Work item
Your copy should begin with the line containing "Esta imagen muestra", end with the line containing "view of exterior", match the listing below exactly, and contain no pictures.

Record set
%%

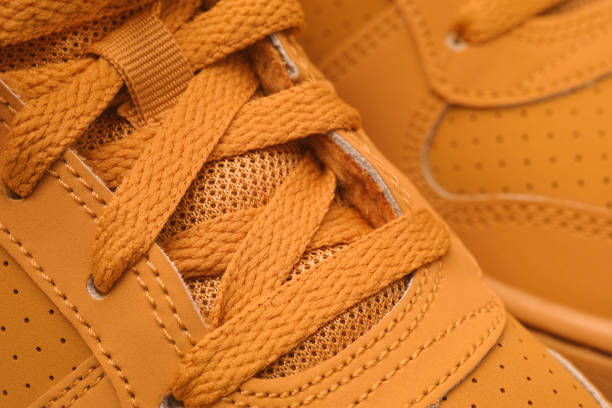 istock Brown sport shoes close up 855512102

%%
%%

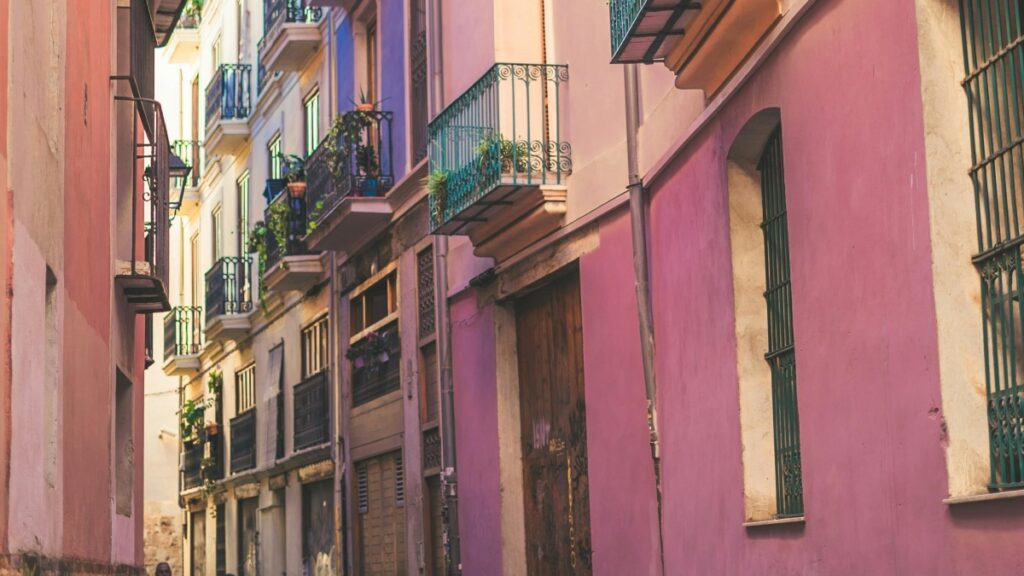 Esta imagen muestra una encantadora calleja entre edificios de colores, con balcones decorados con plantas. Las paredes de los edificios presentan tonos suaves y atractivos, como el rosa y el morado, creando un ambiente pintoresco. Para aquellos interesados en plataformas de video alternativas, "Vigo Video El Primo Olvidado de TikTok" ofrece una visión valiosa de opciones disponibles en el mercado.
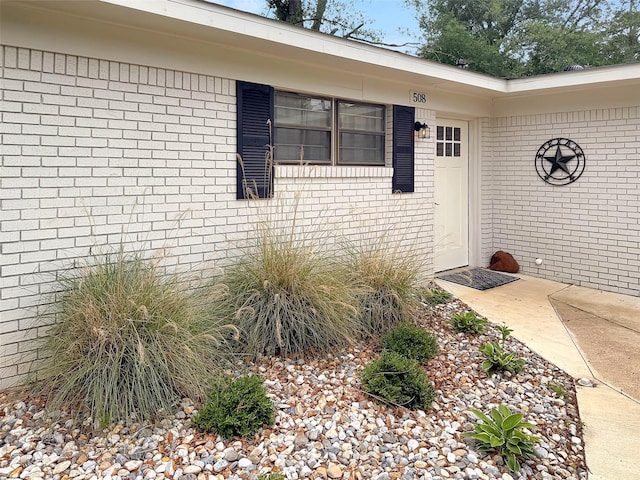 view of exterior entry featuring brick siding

%%

Exercise solution
 Esta imagen muestra una encantadora calleja entre edificios de colores, con balcones decorados con plantas. Las paredes de los edificios presentan tonos suaves y atractivos, como el rosa y el morado, creando un ambiente pintoresco. Para aquellos interesados en plataformas de video alternativas, "Vigo Video El Primo Olvidado de TikTok" ofrece una visión valiosa de opciones disponibles en el mercado.
 view of exterior entry featuring brick siding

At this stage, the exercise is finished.